Would they see, do we ourselves see, and act as if we saw, that at Bethnal Green the infantile death-rate is twice that of Belgravia ?

Well, we say, we must be clean, even if all through the summer months the washerwoman toils for sixteen hours a day, and no one asks what becomes of her baby, and if that is clean. We cannot do without house and pretty furniture. We have come to regard these things as a sign of moral worth — as a passport of respectability. Like Carlyle's witness, we must "keep a gig". Have we not been taught from our youth up that the race is to the swift, the battle to the strong ? Is not success in the struggle for existence proof positive that we who survive are the "fittest", notwithstanding "when we regard the general tone of feeling of our age, whether as expressed in its literature, in its social intercourse, or even more, perhaps, in its amusements, do we not find ourselves in the presence of a society from which real gladness has well-nigh died out, in which hope is almost extinct ? " In spite of our material successes — our victory in the "struggle" — we are human. The sorrows of the crushed and wounded weigh upon our spirits. In our pleasant homes we cannot shut out the thought that "in London there are 60,000 families who live in single rooms, and 30,000 who have no regular homes at all". [Page 6]
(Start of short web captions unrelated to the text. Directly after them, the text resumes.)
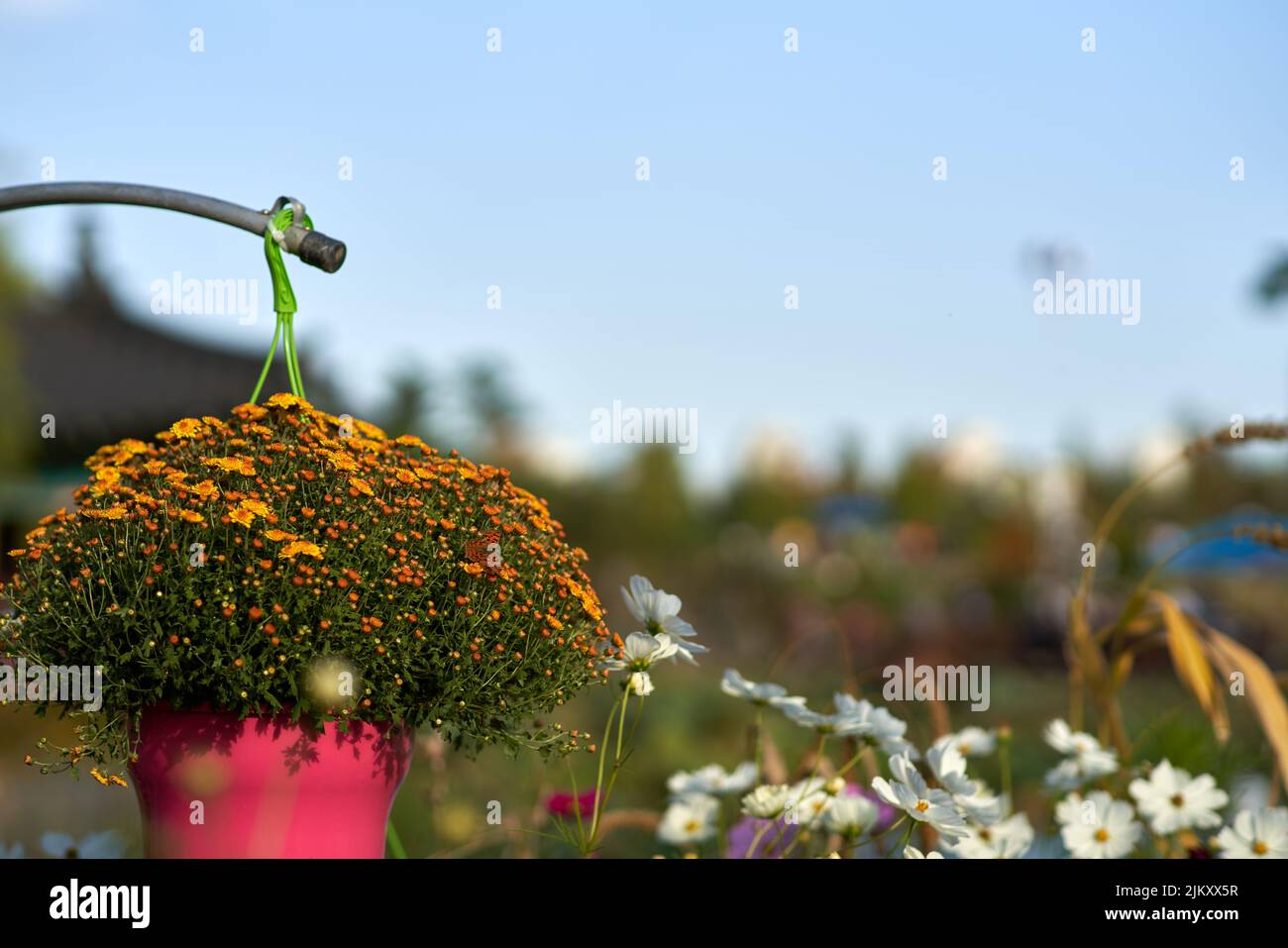 Un fuoco selettivo sparato di piccoli fiori arancioni in un cesto appeso ad un palo in un giardino Foto Stock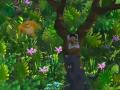 Jungle Book Italian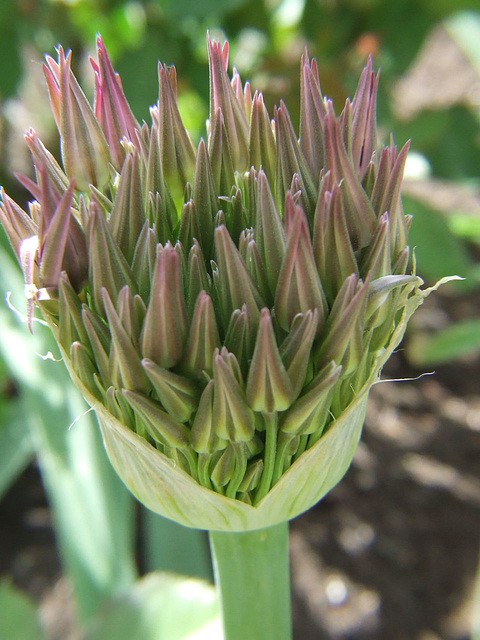 Allium Budding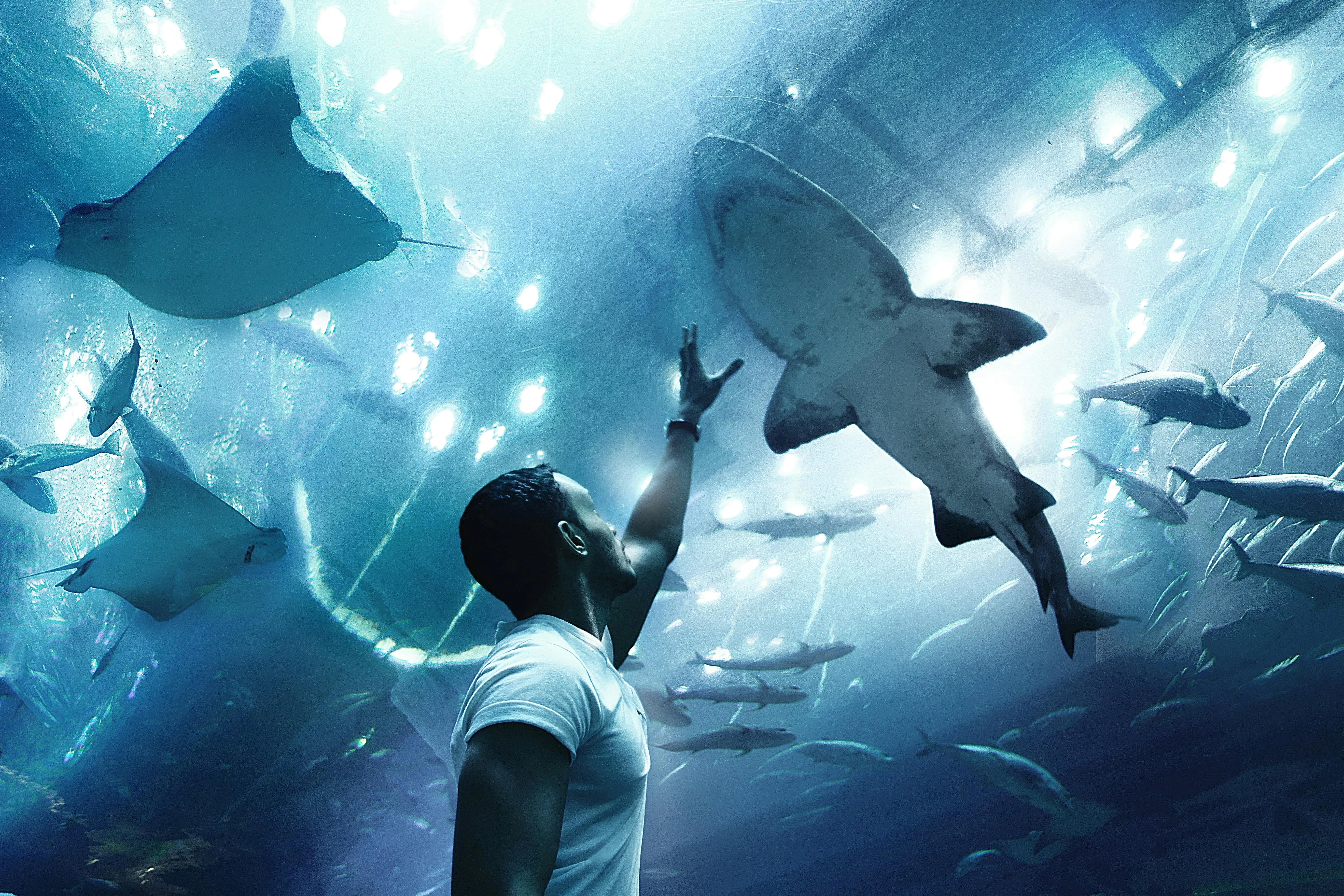 Dubai Aquarium   View At The Palm - Combo tickets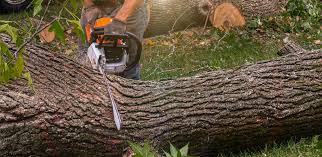 Best Firewood Processing and Delivery  in , SC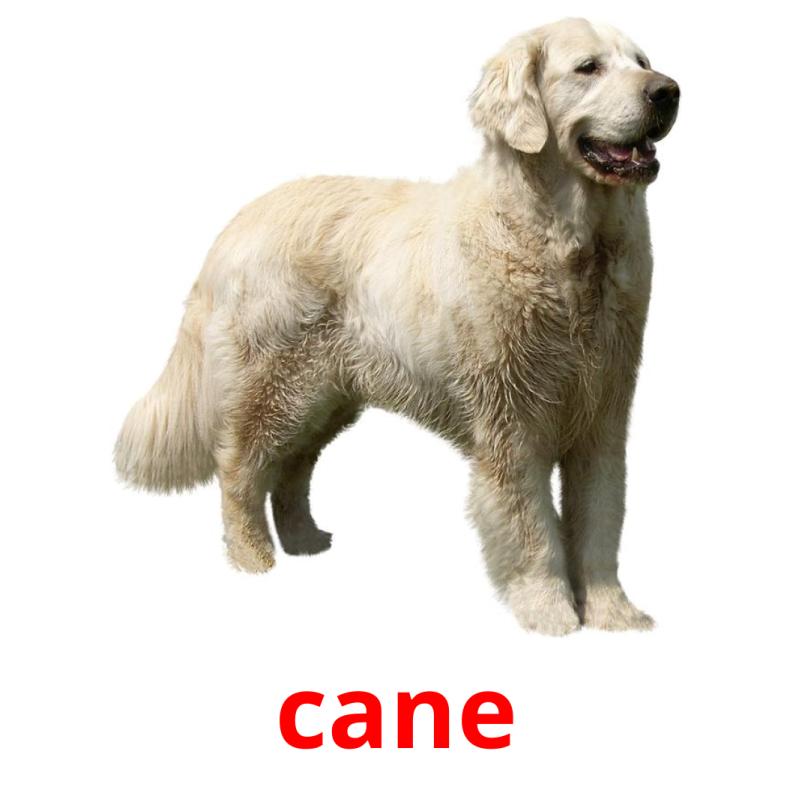 cane picture flashcards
In the security of a well-ordered city we are haunted by the remembrance that 73,000 criminals are yearly arrested, that statistics show that "in 1887 the actual prison population was 14,966, and the total number of persons imprisoned was 163,048. The metropolitan prisons contain about 21 per cent, of the whole prison population".

We may try to console ourselves with the thought that these criminals are more comfortably housed and fed in prison than they would be out of prison; but we fail to convince ourselves that existing prison regulations, splendid as they may be for the physical man, are educational establishments well fitted to prepare the delinquents to create good Karma for the "morrow",when, their term of punishment expired, they shall start afresh on the treadmill of free life outside the prison walls.

As we gather round the social board, and feel a glow of hospitable pride as we glance down the long table, bright with silver and glass, and lovely with flowers, the thought will invade us that we are the leaders of the masses, that our pleasures are also their pleasures. Our feasts are made elegant to the eye; but they appeal to the lower nature of man, and from them, too often, baseness and cruelty result. The softly-lighted banqueting-halls, gay with fruits and flowers, and well-dressed guests, find their counterpart in 180,000 public-houses flashing their garish splendours about the highways and by-ways of "merry England" ; and the dark nights find in London alone over 20,000 of these death-traps set to stupefy our people.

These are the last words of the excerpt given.